Dundee for Most Attempts to Defeat a Hornet’s Nest: Mr. Jason Montgomery
Similar to our favorite Office handyman Nate, Jason was tasked with eliminating the danger of his crumbling fantasy season created by the aforementioned injury bug. Both hailing from the historically-rich metropolis of “La Philadelphia”, what ensued after Jason’s 4-0 start pairs Nate and Jason together even further. Jason utilized a league-high 20 unique waiver pickups that entered the starting lineup this season. Results were bleak; the fast start was followed by a 2-7 record that signaled victory to the opposition. Maybe try the bow and arrow next time?

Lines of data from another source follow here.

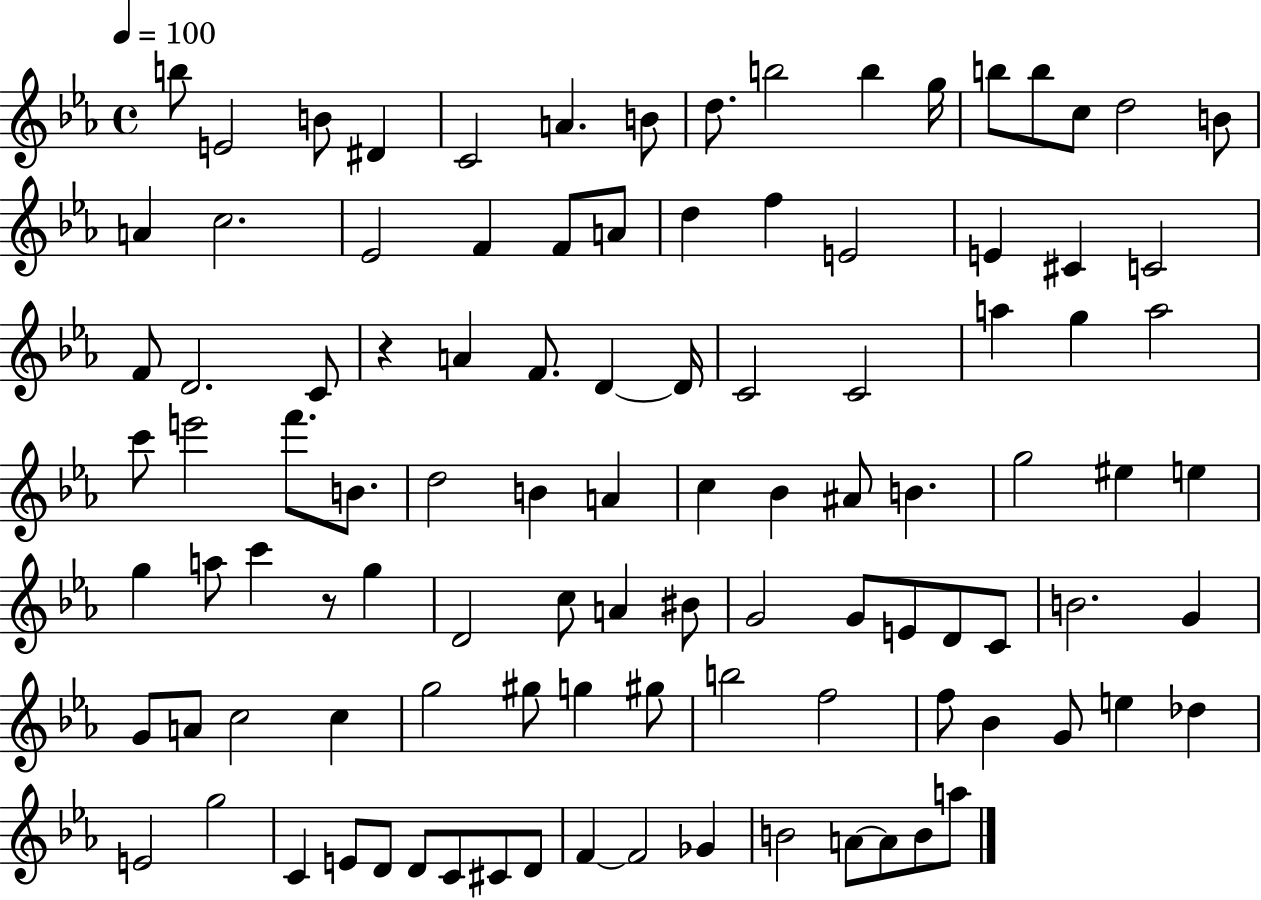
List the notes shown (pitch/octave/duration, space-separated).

B5/e E4/h B4/e D#4/q C4/h A4/q. B4/e D5/e. B5/h B5/q G5/s B5/e B5/e C5/e D5/h B4/e A4/q C5/h. Eb4/h F4/q F4/e A4/e D5/q F5/q E4/h E4/q C#4/q C4/h F4/e D4/h. C4/e R/q A4/q F4/e. D4/q D4/s C4/h C4/h A5/q G5/q A5/h C6/e E6/h F6/e. B4/e. D5/h B4/q A4/q C5/q Bb4/q A#4/e B4/q. G5/h EIS5/q E5/q G5/q A5/e C6/q R/e G5/q D4/h C5/e A4/q BIS4/e G4/h G4/e E4/e D4/e C4/e B4/h. G4/q G4/e A4/e C5/h C5/q G5/h G#5/e G5/q G#5/e B5/h F5/h F5/e Bb4/q G4/e E5/q Db5/q E4/h G5/h C4/q E4/e D4/e D4/e C4/e C#4/e D4/e F4/q F4/h Gb4/q B4/h A4/e A4/e B4/e A5/e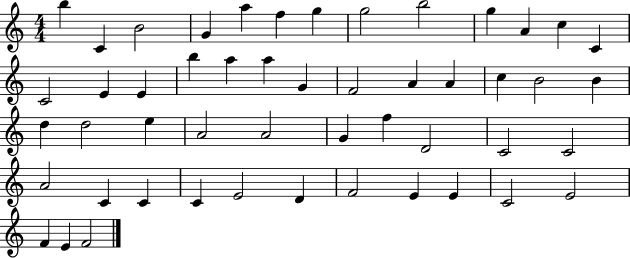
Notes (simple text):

B5/q C4/q B4/h G4/q A5/q F5/q G5/q G5/h B5/h G5/q A4/q C5/q C4/q C4/h E4/q E4/q B5/q A5/q A5/q G4/q F4/h A4/q A4/q C5/q B4/h B4/q D5/q D5/h E5/q A4/h A4/h G4/q F5/q D4/h C4/h C4/h A4/h C4/q C4/q C4/q E4/h D4/q F4/h E4/q E4/q C4/h E4/h F4/q E4/q F4/h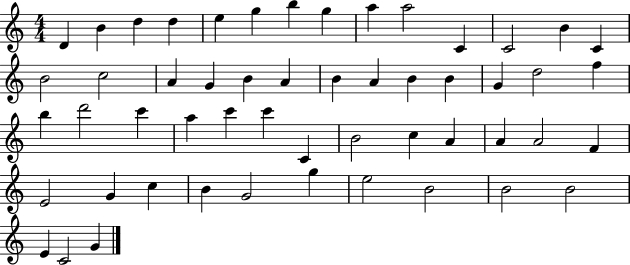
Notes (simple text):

D4/q B4/q D5/q D5/q E5/q G5/q B5/q G5/q A5/q A5/h C4/q C4/h B4/q C4/q B4/h C5/h A4/q G4/q B4/q A4/q B4/q A4/q B4/q B4/q G4/q D5/h F5/q B5/q D6/h C6/q A5/q C6/q C6/q C4/q B4/h C5/q A4/q A4/q A4/h F4/q E4/h G4/q C5/q B4/q G4/h G5/q E5/h B4/h B4/h B4/h E4/q C4/h G4/q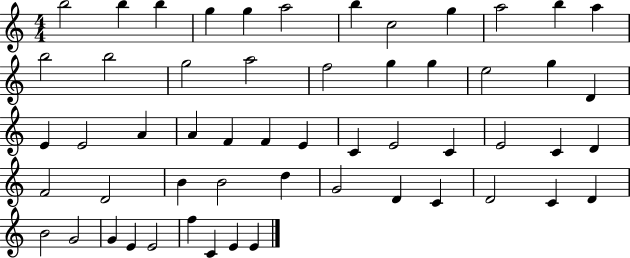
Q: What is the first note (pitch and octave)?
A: B5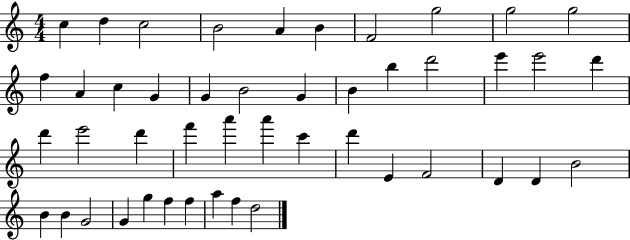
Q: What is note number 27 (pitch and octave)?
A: F6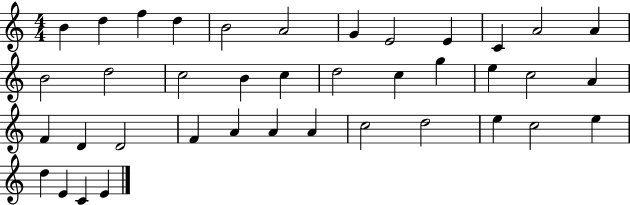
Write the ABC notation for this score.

X:1
T:Untitled
M:4/4
L:1/4
K:C
B d f d B2 A2 G E2 E C A2 A B2 d2 c2 B c d2 c g e c2 A F D D2 F A A A c2 d2 e c2 e d E C E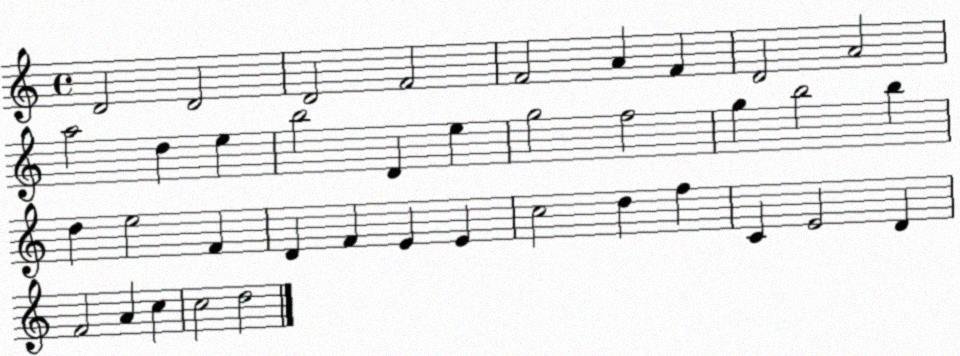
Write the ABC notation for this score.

X:1
T:Untitled
M:4/4
L:1/4
K:C
D2 D2 D2 F2 F2 A F D2 A2 a2 d e b2 D e g2 f2 g b2 b d e2 F D F E E c2 d f C E2 D F2 A c c2 d2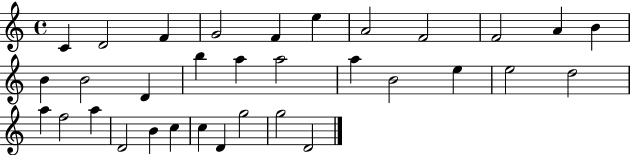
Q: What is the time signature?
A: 4/4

Receiver Corps Dundee of Excellence: Mr. Joel Soape
It only took 3 name changes to figure out which WR was needed (Red Solo Kupp -> Mike’d Up -> The Adams Bomb) , but Soape finally landed on the right guy for the job by calling on Davante Adams and his 22.1 pts/gm this year (easily the WR1 in this metric). Somehow Corey Davis (left for dead after last year) has had a career resuscitation on this team as well, dropping a 30 burger in week 12. The Receiver Corps salutes your dedication to their fraternity, Mr. Soape.
That’s all for now guys. Full disclosure, I have another 1k-2k words written that takes a deep dive into each of our performances at 1) waiver pickups, 2) positional scoring, and 3) sit/start decisions. Maybe this would be most helpful for a post-season article as it encompasses your overall strategy and ability to aid your team’s output. Look for that at some point in the future. For now, I hope you enjoyed this meaty entrée. Thanks for another great season and allowing me to bring you another fun recap, everyone!